Girvan-Newman Algorithm¶

Girvan-Newman is a divisive algorithm that detects communities by iteratively removing edges with high betweenness centrality.

Function Signature¶

pg.community.girvan_newman(
    graph: PyGraph,
num_communities: int
) -> Dict[int, int]

Parameters¶

graph: Undirected graph to analyze
num_communities: Number of communities to find

Returns¶

Dictionary mapping node IDs to community labels.

Description¶

The algorithm works as follows:

Calculate betweenness centrality for all edges
Remove the edge with highest betweenness
Recalculate betweenness for remaining edges
Repeat until the desired number of communities is reached

Time Complexity¶

O(V·E²) - very expensive for large graphs

Space Complexity¶

O(V·E)

Example¶

import pygraphina as pg

# Create a graph with clear community structure
g = pg.PyGraph()
nodes = [g.add_node(i) for i in range(8)]

# Community 1: nodes 0-2
for i in range(3):
    for j in range(i + 1, 3):
        g.add_edge(nodes[i], nodes[j], 1.0)

# Community 2: nodes 3-5
for i in range(3, 6):
    for j in range(i + 1, 6):
        g.add_edge(nodes[i], nodes[j], 1.0)

# Community 3: nodes 6-7
g.add_edge(nodes[6], nodes[7], 1.0)

# Bridges between communities
g.add_edge(nodes[2], nodes[3], 1.0)  # Bridge 1-2
g.add_edge(nodes[5], nodes[6], 1.0)  # Bridge 2-3

# Detect communities
communities = pg.community.girvan_newman(g, num_communities=3)

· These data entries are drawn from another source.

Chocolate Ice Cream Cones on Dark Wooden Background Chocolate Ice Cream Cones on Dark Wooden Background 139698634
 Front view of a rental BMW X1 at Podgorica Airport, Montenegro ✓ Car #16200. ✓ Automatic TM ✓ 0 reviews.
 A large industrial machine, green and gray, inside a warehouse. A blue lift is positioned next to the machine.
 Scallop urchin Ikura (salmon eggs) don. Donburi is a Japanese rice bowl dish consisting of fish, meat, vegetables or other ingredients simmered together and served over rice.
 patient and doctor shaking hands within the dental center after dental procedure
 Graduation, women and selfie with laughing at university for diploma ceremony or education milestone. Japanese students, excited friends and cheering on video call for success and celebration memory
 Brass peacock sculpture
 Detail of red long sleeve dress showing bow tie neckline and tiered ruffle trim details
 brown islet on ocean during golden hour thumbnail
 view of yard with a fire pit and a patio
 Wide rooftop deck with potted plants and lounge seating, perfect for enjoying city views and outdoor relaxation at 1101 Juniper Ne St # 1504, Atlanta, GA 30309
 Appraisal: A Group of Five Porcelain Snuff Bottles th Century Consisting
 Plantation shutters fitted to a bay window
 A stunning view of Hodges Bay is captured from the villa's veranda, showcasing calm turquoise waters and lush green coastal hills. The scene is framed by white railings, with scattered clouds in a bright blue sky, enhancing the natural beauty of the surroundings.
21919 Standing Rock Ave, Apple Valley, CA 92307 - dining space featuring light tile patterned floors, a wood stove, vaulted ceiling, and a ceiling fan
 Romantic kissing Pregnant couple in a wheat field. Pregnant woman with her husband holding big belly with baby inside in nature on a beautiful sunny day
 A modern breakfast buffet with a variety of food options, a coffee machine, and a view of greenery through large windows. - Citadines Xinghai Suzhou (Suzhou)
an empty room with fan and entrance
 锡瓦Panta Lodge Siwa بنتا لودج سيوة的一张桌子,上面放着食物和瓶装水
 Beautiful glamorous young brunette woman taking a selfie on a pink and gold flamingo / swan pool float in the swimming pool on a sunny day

from collections import defaultdict

groups = defaultdict(list)
for node, comm in communities.items():
    groups[comm].append(node)

print(f"Communities: {dict(groups)}")

Advantages¶

Intuitive - removes bridge edges
Provides hierarchical structure
Can visualize community structure
Good understanding of why communities form

Disadvantages¶

Very slow - O(V·E²)
Only suitable for small graphs (< 1000 nodes)
Requires specifying number of communities
Must recalculate betweenness at each step

When to Use¶

Small to medium graphs
When understanding community structure is important
Hierarchical clustering desired
Research and analysis (not production)

Variants¶

The basic algorithm can be modified:

Edge weighting: Weight betweenness by edge strength
Stopping criteria: Stop when modularity peaks instead of specifying communities
Local optimization: Improve communities after each removal

Comparison with Other Methods¶

Method	Speed	Quality	Best For
Girvan-Newman	Slow	Good	Understanding structure
Louvain	Fast	Excellent	Practical use
Label Propagation	Very Fast	Good	Large graphs
Spectral	Medium	Very Good	Mathematical rigor

Implementation Notes¶

Edge removal is permanent - graph is modified during execution
For undirected graphs only
Works on disconnected components
Returns community IDs starting from 0

Comparison¶

Algorithm	Speed	Quality	Parameters
Girvan-Newman	Slow	Excellent	k (num communities)
Label Propagation	Very Fast	Good	max_iters
Louvain	Fast	Excellent	resolution
Spectral	Medium	Good	k (num communities)